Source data
━━━━

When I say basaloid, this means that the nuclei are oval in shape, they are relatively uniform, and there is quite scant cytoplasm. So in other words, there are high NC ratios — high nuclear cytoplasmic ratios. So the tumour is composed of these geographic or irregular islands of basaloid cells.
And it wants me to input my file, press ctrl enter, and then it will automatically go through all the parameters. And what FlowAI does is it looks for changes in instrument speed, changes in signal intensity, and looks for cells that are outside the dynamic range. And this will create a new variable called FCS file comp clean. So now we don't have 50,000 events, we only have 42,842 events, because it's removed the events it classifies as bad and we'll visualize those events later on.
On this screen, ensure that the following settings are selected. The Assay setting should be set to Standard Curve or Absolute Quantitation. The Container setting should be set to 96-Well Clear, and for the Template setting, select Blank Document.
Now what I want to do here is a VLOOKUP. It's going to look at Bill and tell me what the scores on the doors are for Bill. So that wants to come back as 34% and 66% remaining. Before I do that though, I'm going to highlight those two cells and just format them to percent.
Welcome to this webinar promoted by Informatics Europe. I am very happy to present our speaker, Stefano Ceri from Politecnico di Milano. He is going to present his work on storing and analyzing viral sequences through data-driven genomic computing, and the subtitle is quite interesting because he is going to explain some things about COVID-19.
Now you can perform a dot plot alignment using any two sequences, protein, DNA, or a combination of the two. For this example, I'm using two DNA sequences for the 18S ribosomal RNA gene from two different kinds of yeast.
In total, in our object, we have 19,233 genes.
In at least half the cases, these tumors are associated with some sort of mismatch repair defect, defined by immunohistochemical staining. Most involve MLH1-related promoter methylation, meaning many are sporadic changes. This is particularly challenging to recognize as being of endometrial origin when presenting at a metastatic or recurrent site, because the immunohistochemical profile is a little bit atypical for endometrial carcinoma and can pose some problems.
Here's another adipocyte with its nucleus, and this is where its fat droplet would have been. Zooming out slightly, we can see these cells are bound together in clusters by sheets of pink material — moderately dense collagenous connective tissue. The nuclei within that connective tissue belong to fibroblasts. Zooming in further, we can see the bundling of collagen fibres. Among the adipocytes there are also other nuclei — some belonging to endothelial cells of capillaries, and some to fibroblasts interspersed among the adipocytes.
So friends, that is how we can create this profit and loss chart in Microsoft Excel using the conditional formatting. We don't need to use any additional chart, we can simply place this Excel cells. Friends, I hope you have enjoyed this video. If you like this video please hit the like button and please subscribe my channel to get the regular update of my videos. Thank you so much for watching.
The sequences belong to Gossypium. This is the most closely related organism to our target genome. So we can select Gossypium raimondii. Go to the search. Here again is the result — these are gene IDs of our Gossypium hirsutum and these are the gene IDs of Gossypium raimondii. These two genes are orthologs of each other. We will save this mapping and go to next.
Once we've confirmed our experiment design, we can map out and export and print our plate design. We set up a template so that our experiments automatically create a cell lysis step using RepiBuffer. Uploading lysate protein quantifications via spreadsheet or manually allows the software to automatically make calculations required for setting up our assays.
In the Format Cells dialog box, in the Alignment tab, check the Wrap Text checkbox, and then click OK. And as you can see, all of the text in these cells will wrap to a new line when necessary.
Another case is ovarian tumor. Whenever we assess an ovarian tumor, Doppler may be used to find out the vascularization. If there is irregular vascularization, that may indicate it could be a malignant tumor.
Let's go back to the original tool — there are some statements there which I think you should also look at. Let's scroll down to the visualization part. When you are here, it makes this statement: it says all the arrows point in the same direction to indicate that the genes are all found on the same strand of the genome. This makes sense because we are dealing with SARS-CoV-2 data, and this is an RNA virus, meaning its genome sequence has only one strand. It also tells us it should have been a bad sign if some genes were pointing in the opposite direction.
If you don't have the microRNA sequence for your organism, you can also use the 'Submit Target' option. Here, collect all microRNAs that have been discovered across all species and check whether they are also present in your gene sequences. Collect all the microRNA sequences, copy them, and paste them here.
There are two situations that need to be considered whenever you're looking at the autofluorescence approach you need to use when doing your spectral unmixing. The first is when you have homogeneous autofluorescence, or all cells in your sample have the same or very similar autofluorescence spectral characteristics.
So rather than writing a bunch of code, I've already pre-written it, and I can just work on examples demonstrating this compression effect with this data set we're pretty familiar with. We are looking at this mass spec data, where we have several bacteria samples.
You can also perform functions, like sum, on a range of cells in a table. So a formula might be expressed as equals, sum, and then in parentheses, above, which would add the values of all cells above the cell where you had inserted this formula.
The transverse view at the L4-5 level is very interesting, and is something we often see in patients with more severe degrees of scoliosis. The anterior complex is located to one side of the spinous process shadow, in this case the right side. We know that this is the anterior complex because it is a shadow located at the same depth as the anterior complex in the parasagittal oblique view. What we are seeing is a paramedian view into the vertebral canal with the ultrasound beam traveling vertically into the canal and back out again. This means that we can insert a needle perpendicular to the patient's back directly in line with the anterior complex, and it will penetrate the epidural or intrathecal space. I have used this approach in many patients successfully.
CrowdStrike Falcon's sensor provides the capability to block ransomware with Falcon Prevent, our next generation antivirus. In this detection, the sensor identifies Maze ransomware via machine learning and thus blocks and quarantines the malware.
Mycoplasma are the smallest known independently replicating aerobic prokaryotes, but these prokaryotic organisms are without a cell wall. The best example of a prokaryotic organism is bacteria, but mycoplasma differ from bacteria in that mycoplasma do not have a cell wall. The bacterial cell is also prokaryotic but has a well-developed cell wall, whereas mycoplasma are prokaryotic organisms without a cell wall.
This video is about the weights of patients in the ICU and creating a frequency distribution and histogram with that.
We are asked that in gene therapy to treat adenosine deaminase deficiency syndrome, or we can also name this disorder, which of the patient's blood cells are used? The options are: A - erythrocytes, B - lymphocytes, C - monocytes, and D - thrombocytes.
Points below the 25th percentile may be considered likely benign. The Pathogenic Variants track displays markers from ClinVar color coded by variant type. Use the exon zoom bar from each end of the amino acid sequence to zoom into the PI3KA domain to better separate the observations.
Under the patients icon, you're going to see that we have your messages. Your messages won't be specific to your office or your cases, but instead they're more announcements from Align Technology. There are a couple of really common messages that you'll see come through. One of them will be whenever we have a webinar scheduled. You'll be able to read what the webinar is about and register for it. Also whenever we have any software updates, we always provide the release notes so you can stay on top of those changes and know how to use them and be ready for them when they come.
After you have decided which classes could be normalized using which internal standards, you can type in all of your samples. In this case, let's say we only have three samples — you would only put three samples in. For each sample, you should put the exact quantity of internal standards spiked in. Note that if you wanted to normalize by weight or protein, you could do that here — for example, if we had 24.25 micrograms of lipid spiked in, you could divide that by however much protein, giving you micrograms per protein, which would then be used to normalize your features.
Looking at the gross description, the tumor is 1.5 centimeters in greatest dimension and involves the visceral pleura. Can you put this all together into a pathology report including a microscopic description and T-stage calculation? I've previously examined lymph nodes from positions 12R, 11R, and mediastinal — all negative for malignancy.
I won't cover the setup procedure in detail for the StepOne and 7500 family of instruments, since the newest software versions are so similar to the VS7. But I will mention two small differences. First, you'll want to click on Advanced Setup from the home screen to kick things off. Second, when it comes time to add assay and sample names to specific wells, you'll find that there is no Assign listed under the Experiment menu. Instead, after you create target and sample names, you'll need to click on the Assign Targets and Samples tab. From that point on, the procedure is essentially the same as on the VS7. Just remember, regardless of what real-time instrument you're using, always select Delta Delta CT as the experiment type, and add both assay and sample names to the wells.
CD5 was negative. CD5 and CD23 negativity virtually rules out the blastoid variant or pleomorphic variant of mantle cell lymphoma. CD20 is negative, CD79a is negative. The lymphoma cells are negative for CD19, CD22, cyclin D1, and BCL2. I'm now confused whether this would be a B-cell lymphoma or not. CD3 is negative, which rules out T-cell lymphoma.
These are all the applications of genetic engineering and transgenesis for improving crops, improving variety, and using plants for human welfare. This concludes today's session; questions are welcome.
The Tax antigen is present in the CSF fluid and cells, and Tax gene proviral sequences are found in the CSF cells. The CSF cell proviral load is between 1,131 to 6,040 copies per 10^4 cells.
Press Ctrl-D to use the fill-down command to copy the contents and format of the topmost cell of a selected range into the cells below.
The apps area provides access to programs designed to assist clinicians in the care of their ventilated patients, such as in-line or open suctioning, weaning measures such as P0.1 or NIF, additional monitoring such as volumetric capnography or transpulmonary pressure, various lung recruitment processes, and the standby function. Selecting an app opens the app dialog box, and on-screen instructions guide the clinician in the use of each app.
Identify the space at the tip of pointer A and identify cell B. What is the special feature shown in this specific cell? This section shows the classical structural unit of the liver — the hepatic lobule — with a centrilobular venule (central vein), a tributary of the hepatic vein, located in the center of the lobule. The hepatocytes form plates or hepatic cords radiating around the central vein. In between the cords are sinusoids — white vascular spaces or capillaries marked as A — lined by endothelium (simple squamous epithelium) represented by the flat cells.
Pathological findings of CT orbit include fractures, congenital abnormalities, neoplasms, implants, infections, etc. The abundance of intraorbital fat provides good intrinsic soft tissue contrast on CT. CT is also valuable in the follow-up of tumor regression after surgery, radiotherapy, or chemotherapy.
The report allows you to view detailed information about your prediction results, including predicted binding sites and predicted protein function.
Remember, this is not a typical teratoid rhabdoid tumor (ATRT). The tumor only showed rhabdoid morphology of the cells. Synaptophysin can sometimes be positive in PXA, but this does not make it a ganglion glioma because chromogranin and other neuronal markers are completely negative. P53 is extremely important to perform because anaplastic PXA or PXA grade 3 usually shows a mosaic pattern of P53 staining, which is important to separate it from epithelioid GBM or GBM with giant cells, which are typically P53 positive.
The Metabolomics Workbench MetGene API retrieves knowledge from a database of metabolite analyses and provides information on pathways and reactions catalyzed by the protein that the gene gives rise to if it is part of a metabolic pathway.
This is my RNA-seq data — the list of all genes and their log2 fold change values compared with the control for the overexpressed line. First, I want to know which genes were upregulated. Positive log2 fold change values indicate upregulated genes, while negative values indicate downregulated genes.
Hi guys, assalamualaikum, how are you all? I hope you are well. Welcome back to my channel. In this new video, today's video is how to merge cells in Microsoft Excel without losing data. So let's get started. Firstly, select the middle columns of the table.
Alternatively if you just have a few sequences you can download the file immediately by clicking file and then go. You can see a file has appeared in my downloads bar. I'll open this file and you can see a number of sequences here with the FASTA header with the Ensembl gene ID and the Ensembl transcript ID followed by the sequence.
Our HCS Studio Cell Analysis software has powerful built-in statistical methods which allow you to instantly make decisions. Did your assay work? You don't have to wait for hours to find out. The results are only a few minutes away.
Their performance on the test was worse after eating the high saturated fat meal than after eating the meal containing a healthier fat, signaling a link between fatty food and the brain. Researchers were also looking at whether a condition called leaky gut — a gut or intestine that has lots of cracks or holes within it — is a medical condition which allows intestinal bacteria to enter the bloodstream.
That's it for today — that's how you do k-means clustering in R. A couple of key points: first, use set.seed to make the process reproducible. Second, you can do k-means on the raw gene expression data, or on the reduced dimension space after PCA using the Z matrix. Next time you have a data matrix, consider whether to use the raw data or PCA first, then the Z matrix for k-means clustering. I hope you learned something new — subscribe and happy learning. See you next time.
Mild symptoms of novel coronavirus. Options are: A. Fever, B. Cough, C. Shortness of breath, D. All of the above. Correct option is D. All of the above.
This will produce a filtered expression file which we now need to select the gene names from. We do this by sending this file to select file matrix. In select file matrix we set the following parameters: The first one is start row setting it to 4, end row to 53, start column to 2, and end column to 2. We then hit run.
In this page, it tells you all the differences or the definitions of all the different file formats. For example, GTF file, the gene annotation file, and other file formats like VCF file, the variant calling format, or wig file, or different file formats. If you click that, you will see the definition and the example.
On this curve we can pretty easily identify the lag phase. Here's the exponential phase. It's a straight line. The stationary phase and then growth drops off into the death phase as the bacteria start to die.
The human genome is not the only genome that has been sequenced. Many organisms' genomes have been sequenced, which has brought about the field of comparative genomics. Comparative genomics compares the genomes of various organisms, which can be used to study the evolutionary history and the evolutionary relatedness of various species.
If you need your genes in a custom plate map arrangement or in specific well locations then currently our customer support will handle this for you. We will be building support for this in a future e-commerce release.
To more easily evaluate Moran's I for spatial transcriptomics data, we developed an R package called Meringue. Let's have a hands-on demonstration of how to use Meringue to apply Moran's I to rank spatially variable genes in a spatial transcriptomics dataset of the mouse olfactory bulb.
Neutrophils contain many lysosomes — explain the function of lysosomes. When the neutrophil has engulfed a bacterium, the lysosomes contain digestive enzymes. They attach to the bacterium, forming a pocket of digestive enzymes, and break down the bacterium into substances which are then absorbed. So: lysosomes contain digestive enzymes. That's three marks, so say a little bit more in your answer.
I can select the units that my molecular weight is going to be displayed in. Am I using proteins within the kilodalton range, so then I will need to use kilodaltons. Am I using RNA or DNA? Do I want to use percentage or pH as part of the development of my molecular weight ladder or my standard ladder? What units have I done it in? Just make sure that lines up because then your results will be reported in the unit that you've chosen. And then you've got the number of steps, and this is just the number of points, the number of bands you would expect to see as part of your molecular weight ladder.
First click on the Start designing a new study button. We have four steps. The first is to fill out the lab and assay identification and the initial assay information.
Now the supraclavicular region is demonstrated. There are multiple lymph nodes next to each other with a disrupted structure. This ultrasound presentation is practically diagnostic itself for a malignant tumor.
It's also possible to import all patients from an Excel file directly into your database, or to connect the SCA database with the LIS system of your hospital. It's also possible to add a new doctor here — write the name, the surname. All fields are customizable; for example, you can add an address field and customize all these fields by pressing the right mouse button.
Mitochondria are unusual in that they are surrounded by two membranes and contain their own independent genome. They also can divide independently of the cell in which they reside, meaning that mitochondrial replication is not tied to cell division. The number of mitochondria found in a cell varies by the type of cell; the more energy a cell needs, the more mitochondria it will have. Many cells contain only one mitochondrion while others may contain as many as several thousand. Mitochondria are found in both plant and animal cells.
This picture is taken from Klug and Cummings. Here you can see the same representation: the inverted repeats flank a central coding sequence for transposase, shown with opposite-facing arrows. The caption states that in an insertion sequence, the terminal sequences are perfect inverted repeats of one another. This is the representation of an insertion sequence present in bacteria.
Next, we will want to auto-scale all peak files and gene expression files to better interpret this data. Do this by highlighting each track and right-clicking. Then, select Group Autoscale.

━━━━

■ **Exercise**
What do the lines above say from the one containing "Pathological findings of" down to the one containing "The report allows"? Return them exactly, both end lines included, and only them.

■ **Task output**
Pathological findings of CT orbit include fractures, congenital abnormalities, neoplasms, implants, infections, etc. The abundance of intraorbital fat provides good intrinsic soft tissue contrast on CT. CT is also valuable in the follow-up of tumor regression after surgery, radiotherapy, or chemotherapy.
The report allows you to view detailed information about your prediction results, including predicted binding sites and predicted protein function.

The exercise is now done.